START RECORDS FOR THIS TASK

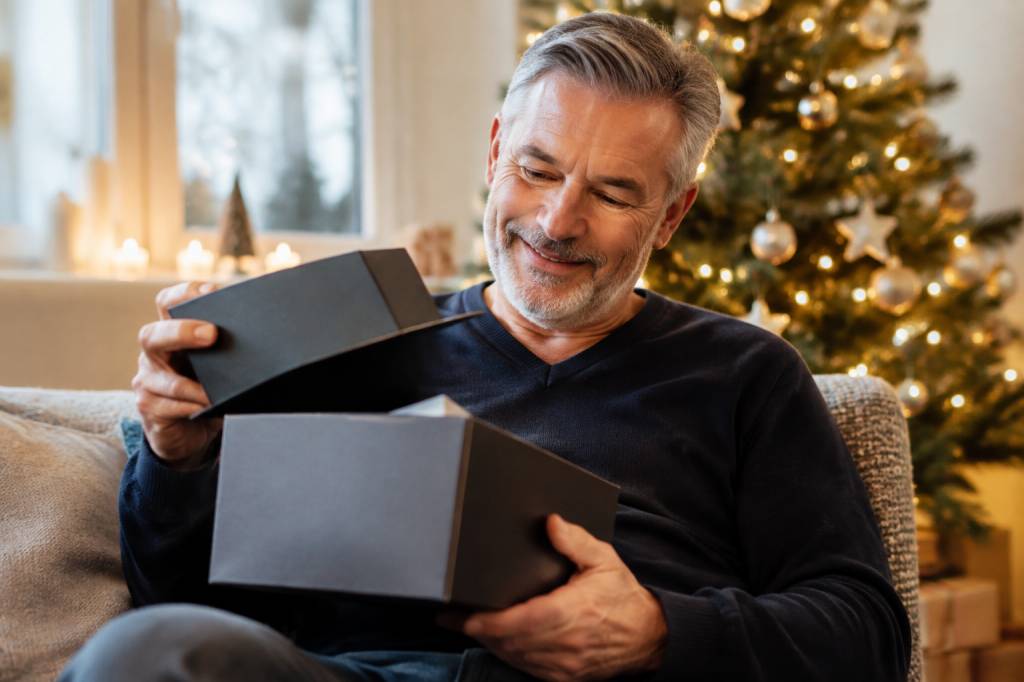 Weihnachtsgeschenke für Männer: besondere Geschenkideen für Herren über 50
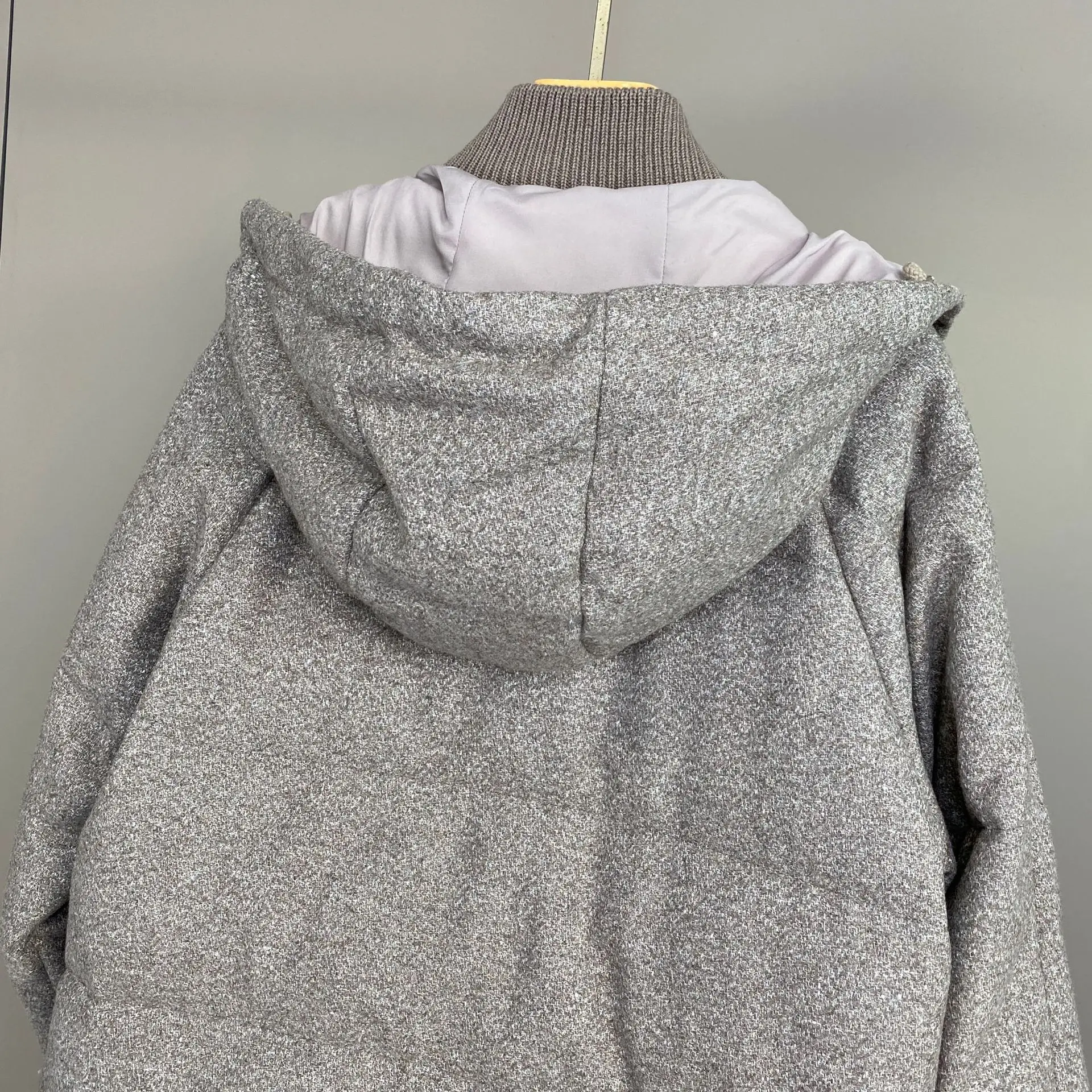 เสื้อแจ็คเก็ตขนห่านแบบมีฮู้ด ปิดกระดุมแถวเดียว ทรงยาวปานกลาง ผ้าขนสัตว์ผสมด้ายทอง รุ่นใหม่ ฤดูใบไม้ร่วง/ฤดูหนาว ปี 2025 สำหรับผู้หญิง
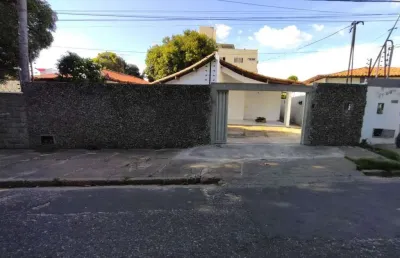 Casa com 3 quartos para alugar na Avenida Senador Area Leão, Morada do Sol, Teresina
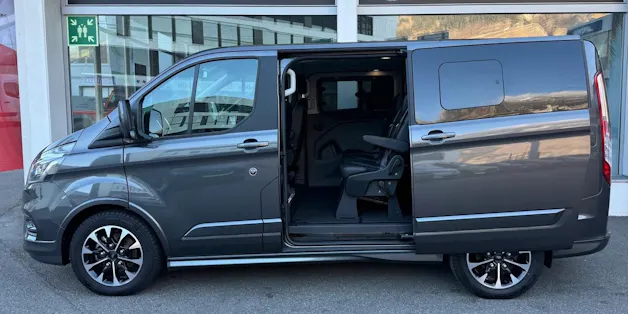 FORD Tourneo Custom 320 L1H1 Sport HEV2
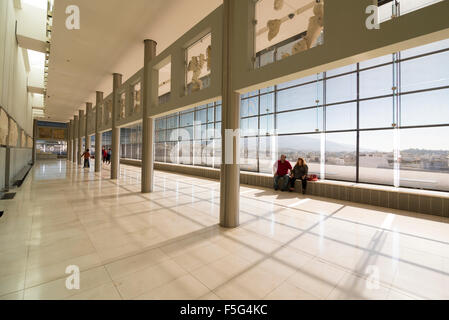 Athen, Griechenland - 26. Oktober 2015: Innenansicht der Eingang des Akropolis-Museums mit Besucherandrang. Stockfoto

END RECORDS FOR THIS TASK

## DIRECTIONS FOR THIS TASK:
Please output exactly the lines from the line containing "Casa com 3 quartos" through the last line of the records above, both included, and leave out any pictures.

## RESULT:
 Casa com 3 quartos para alugar na Avenida Senador Area Leão, Morada do Sol, Teresina
 FORD Tourneo Custom 320 L1H1 Sport HEV2
 Athen, Griechenland - 26. Oktober 2015: Innenansicht der Eingang des Akropolis-Museums mit Besucherandrang. Stockfoto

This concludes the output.